Non-calculator trigonometry using exact values

Topic guide

What this worksheet practises

This worksheet provides practice on using trigonometric ratios (Sin, Cos, Tan) without a calculator. You are expected to have memorised the "exact values" (written as surds or fractions) for five specific angles: 0°, 30°, 45°, 60°, and 90°.

Key method

There are memory tricks (like the left-hand trick or drawing two specific triangles) to recall these values, but you must know them to answer the questions.

• Identify the correct ratio using SOH CAH TOA, just like normal trigonometry.
• Set up your equation (e.g. sin(30°) = x / 12).
• Replace the trigonometric part (e.g. sin(30°)) with its memorised exact value fraction.
• Solve the resulting equation using standard algebra or fraction multiplication.

Worked example

A right-angled triangle has an angle of 60°. The hypotenuse is 10cm. Find the exact length of the opposite side.

Step 1: We know the Hypotenuse (H) and want the Opposite (O). This means using Sin (SOH).

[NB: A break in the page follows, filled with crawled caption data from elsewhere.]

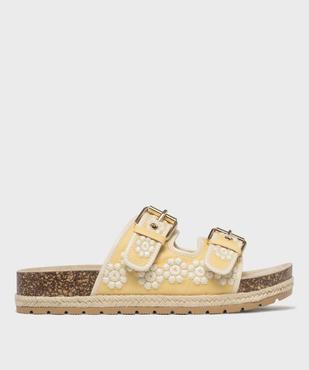 Mules à semelle plateforme et larges brides brodées femme - 5 Miles vue1 - 5 MILES - GEMO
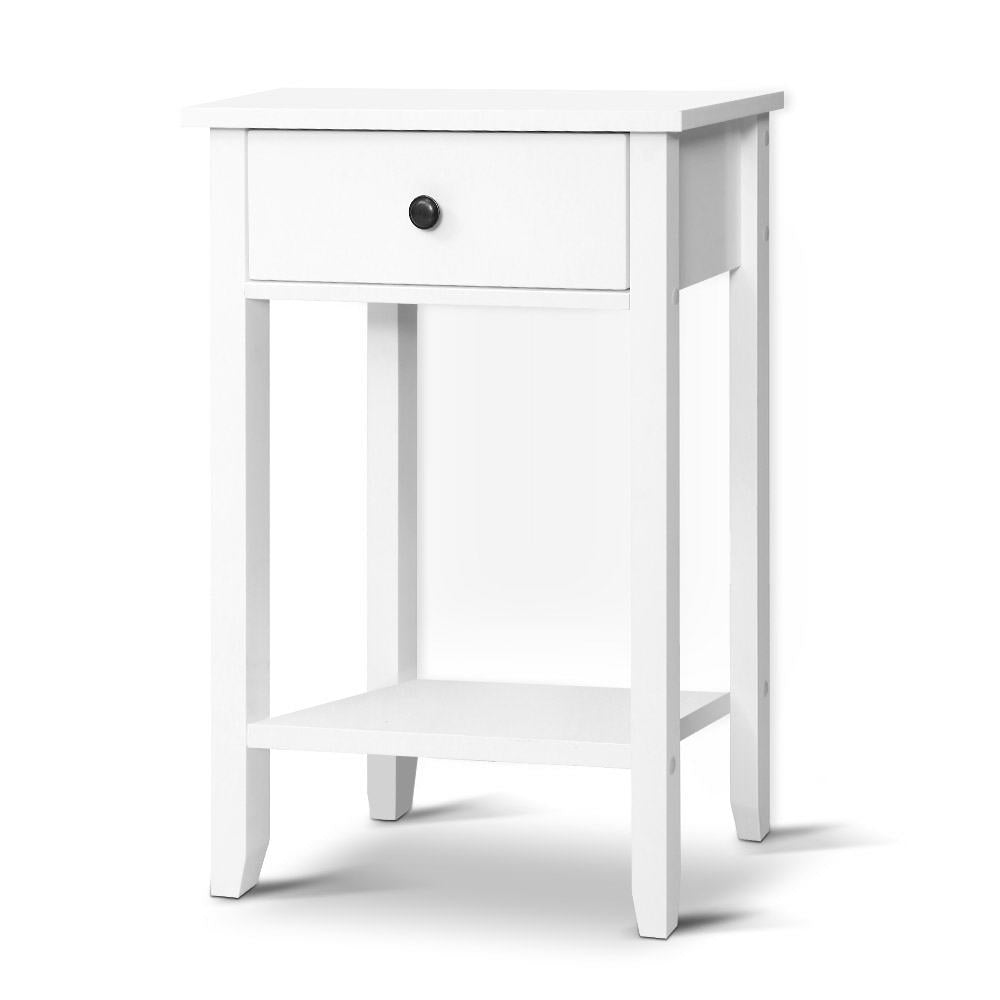 Artiss Bedside Table 1 Drawer with Shelf - BOWIE White 3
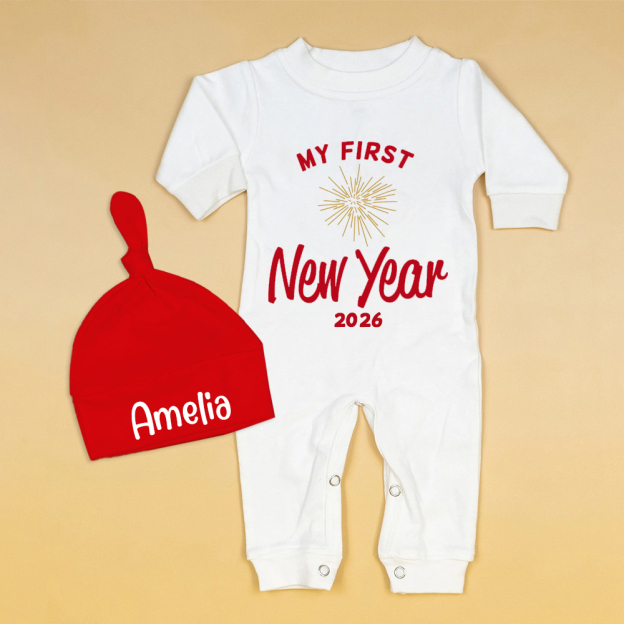 Personalized Baby 1st New Year Romper and Hat Set | CWBaby128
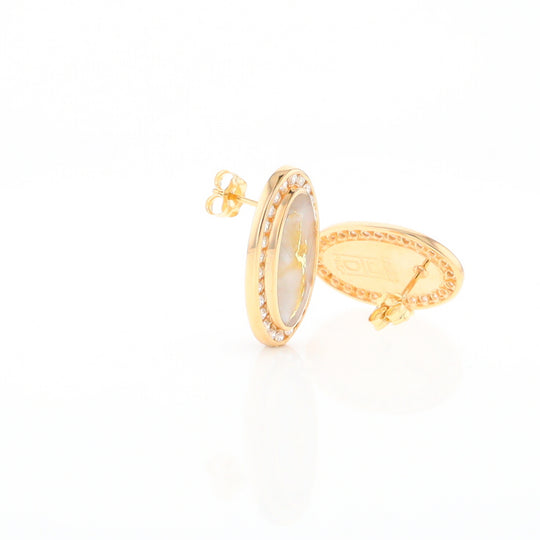 Gold Quartz Earrings Oval Inlaid Design .73ctw Round Diamonds Halo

Step 2: Set up the equation.

sin(60°) = O / 10

Step 3: Rearrange to solve for O.

O = 10 × sin(60°)

Step 4: Recall the exact value for sin(60°), which is √3/2. Substitute this into the equation.

O = 10 × (√3 / 2)

Step 5: Multiply. (10 ÷ 2 is 5).

O = 5√3 cm.

Common mistakes to avoid

The biggest hurdle is simply misremembering the table of values. A very common confusion is swapping the values for sin(30) and cos(30). Remember that sin(30) is the simple fraction (1/2), while cos(30) is the surd (√3/2).

Things to remember

The value for tan(45°) is exactly 1. This is because a right-angled triangle with a 45° angle is isosceles, meaning its opposite and adjacent sides are exactly the same length. Any number divided by itself is 1.